To move to adjacent spaces, use Ctrl + arrow keys. When you do this, it automatically wraps around corners, so to get from space 3 to 4 is simply Ctrl + right arrow key. It does the same for going from 9 to 1 and back again.

To specify the specific space you want to move to, press Ctrl + number of space. This is easy if you are in space 5 and want to get to space 1 without the extra keystroke you’d use to go from 5 to 2 to 1.

However, the biggest advantage I see in Spaces is the ability to keep all your apps grouped together by function or purpose. For example, I keep all my communication apps in Space 1 – Mail and iChat – and iCal and Stickies stay in that space as well. I keep Safari in 2, Firefox in 3 if I use it, iTunes in 4, and so on. Most of the apps that I use on a regular basis have a space that they stay in, because I will lose them otherwise.

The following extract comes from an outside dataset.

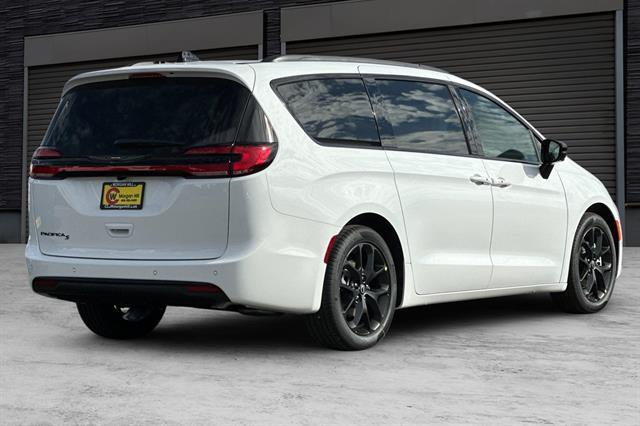 new 2026 Chrysler Pacifica car, priced at $47,080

This meant that I always had to switch to the space I wanted my app to open in before I clicked it, so it really would open there, or open it and then move it. Not anymore.

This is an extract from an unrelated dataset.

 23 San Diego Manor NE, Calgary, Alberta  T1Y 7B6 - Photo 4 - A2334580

You can assign your applications to always open in the same space. Automatically. I didn’t notice this until recently, when I saw a little box titled “Application Assignments”. To find it, open System Preferences, click on Expose and Spaces, and then select the Spaces tab. To add an assignment, click the little + sign underneath the box, select the application from the list, then tell the computer which space to assign the app to, using the drop-down menu.

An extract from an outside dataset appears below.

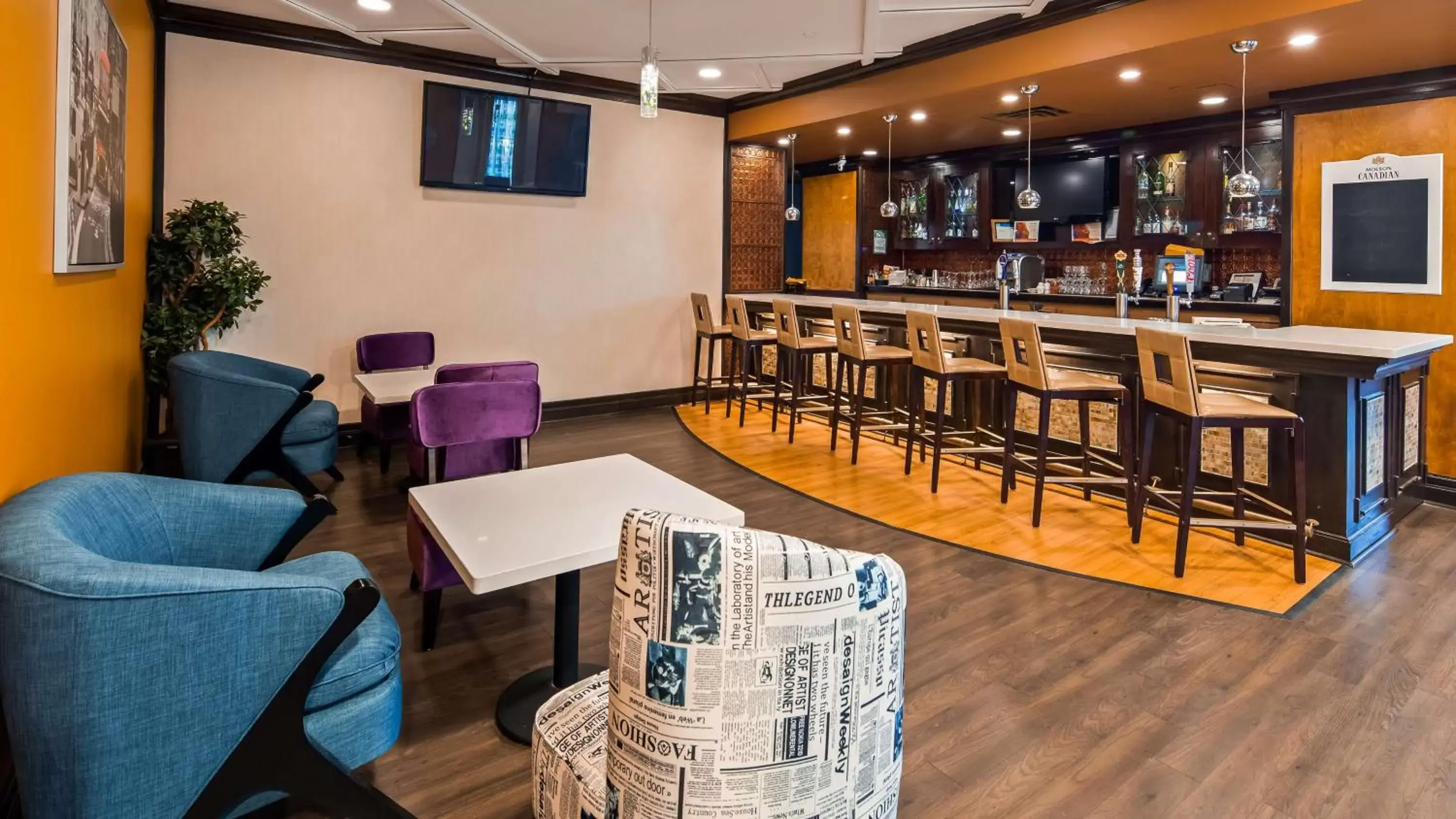 Lounge or bar, Lounge/Bar in Best Western Premier Toronto Airport Carlingview Hotel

This little function means my Safari windows always open in Space 2, and Numbers and Pages stay separate – very helpful for homework assignments that require me to keep flipping back and forth between them. I’m sure it’s been there for a while, and I just didn’t notice it, but if you are weird about keeping your Spaces organized too, and didn’t know about it, make sure you check it out.

I like finding more ways to personalize my computer for my preferences. It just means when I use a different computer, I have to remember that it’s different.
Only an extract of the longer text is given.